The tension of orientations discussed in the below story is not new. It's not surprising either that in the face of highly volatile conditions within the country and simultaneous overt and covert intrusions by foreign powers, the TJ members are becoming impatient, and they want to exert their voice in politics. We saw a similar shift within Jamaat-e Islami earlier this year when the more overtly pro-Taliban-anti-American elements held sway in the elections and Syed Munawwar Hasan became the new Amir of the party. What's interesting though is the indication in the below story of growing popularity and strength of TJ among the politically influential segments of Pakistan. That is, if the numbers presented below are in fact accurate and that it was not an concerted, alarmist story (to raise the specter of 'Islamists-taking-over-Islamabad') - and just that the journalistic quality of this report was poor.

Revolution, not quite
By Waqar Gillani, The News, Nov 2009


"Ahead of the Tablighi Jamaat's annual congregation in Raiwind near Lahore -- one of the largest congregations of Islamic world attended by at least one and half million Muslims -- there has been a day-long meeting of at least 50 former officers of Pakistan's armed forces in Raiwind to discuss the future agenda of the rapidly-expanding movement.

Though party sympathisers term the meeting as 'routine', insiders claim these retired officers had travelled from across the country to attend this special meeting of "Halqa-e-Khawas" (group of special people) and were well-taken care of and hosted by the Ameer of TJ, Maulana Abdul Wahab.

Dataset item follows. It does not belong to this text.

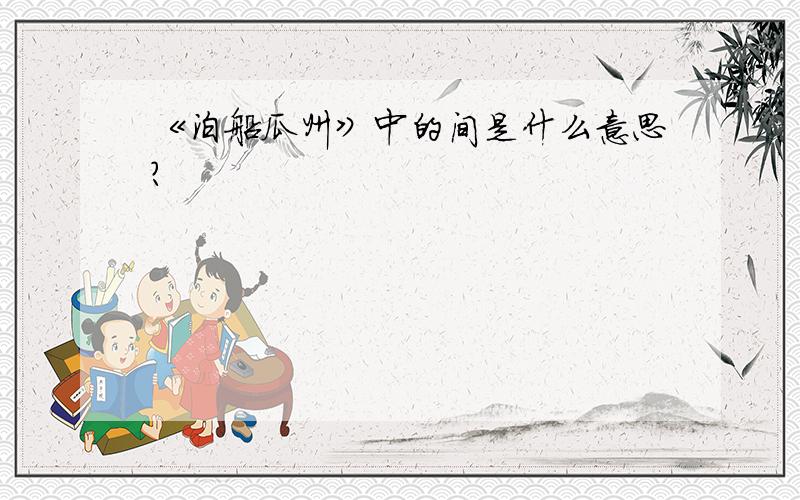 《泊船瓜州》中的间是什么意思?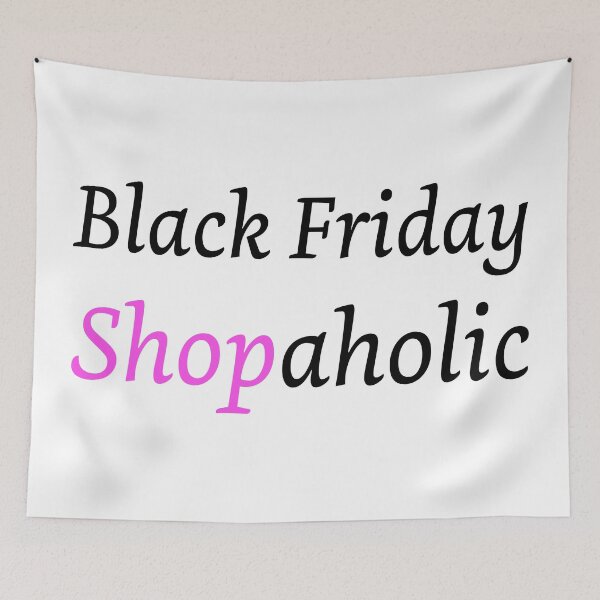 Item preview, Black Friday Shopaholic designed and sold by Artstastic.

It may be interesting to note that Wahab is no seminary student but an ordinary landlord.

The annual congregation of TJ, which is considered a non-resistant and non-political Islamic revivalist movement, is scheduled from Nov 5-8, 2009.

The meeting, convened under the driving force of this group in Pakistan armed forces, Lt Gen (r) Javed Nasir, former director general Inter Services Intelligence (ISI), was attended by at least 50 former high-rank officers of the military including many generals, brigadiers and admirals and even top police officers etc. Apart from Lt Gen (r) Nasir, there were Lt Gen (r) Agha Masood Hasan, former naval chief Admiral (r) Karamat Rehman Niazi, Lt Gen (r) Aftab Ahmed and others.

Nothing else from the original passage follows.